■ **SOURCE INFORMATION**:

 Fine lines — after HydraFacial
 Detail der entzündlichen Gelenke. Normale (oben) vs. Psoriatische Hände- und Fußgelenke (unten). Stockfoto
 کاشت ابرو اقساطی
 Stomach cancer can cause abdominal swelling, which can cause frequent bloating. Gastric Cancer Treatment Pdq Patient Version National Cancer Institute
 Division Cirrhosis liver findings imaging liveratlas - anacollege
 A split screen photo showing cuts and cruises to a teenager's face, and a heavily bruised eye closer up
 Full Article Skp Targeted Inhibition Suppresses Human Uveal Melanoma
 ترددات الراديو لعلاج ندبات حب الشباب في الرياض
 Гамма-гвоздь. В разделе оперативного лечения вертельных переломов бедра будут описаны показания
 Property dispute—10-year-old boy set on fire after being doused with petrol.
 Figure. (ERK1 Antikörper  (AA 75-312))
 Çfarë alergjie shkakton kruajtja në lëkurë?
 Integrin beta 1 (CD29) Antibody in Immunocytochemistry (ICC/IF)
==
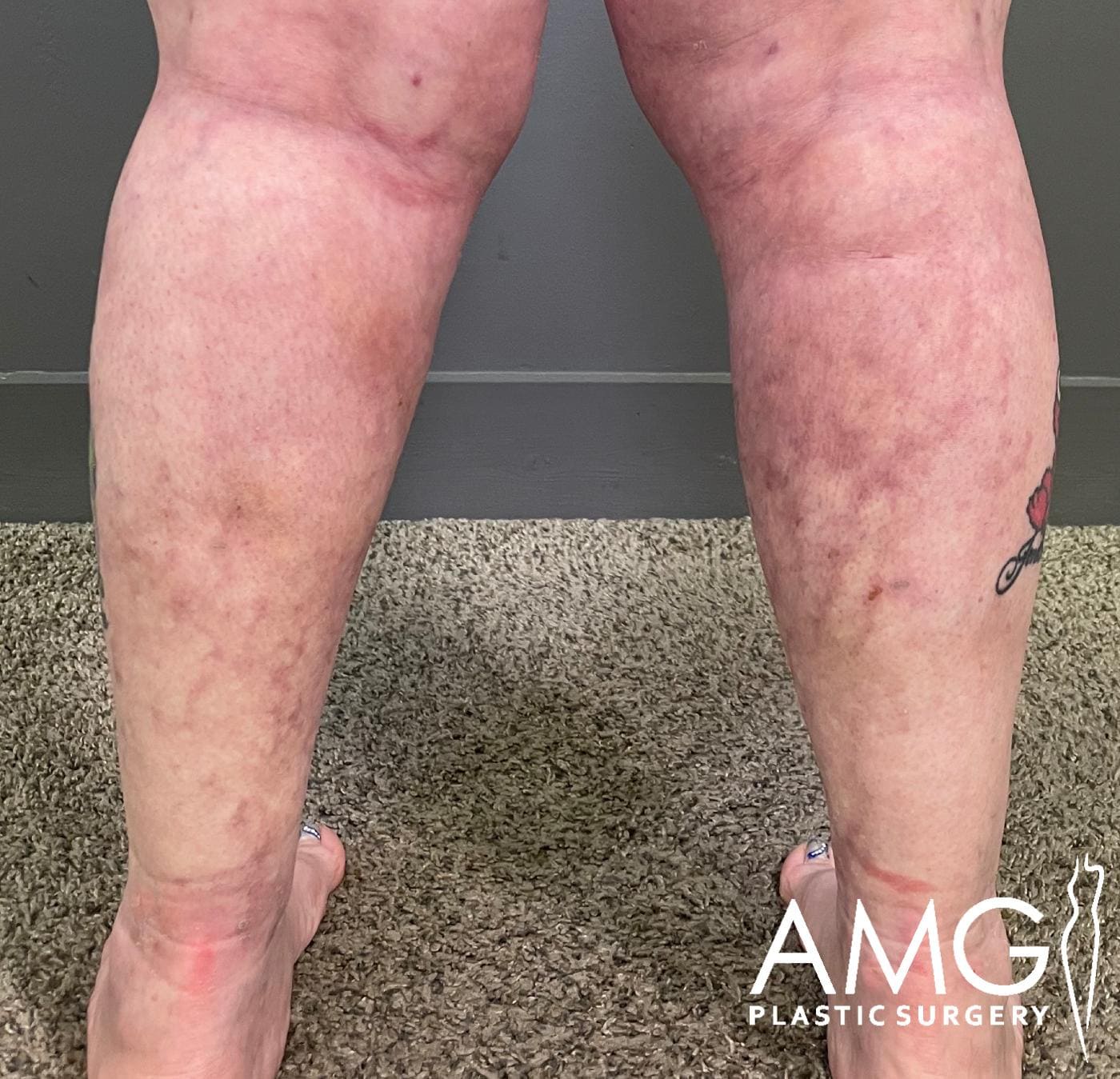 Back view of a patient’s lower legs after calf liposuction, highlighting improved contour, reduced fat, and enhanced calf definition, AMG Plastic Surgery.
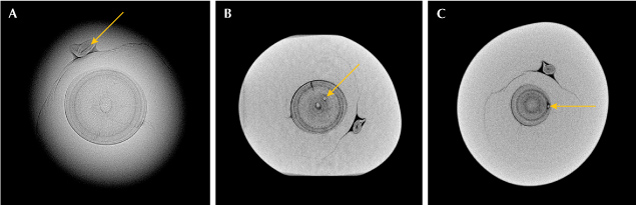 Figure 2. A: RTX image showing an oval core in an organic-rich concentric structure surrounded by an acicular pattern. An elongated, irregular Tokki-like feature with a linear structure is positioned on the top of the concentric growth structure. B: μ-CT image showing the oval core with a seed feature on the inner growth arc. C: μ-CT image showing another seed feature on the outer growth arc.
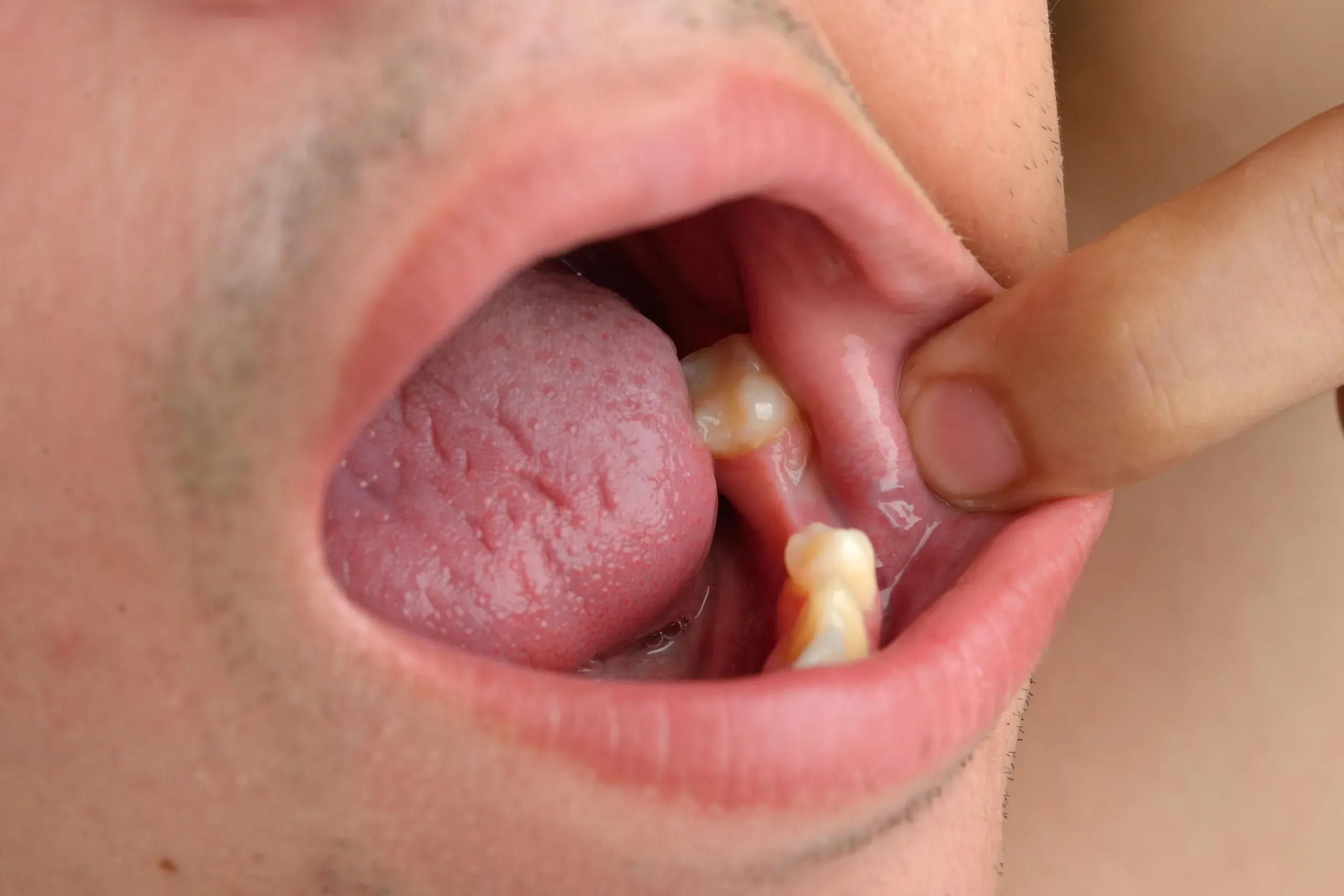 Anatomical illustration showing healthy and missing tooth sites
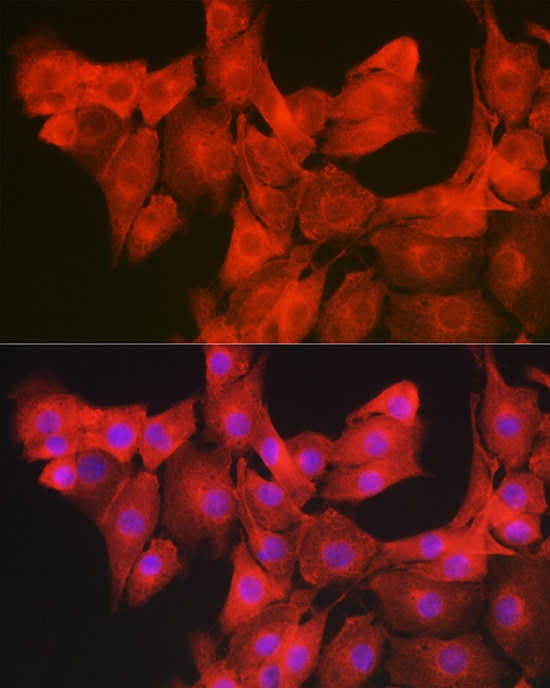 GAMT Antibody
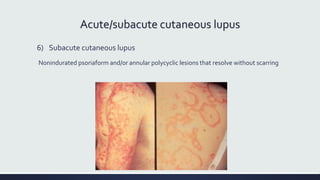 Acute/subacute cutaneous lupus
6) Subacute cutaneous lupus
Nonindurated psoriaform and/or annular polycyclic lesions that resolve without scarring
...
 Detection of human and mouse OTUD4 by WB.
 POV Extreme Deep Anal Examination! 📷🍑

■ **GOAL OF THE EXERCISE**: Please transcribe exactly the lines above from the line that has "Property dispute—10-year-old boy" up to and including the line that has "Integrin beta 1"; no other line belongs in the answer.

■ **ANSWER TO THE PROBLEM**:
 Property dispute—10-year-old boy set on fire after being doused with petrol.
 Figure. (ERK1 Antikörper  (AA 75-312))
 Çfarë alergjie shkakton kruajtja në lëkurë?
 Integrin beta 1 (CD29) Antibody in Immunocytochemistry (ICC/IF)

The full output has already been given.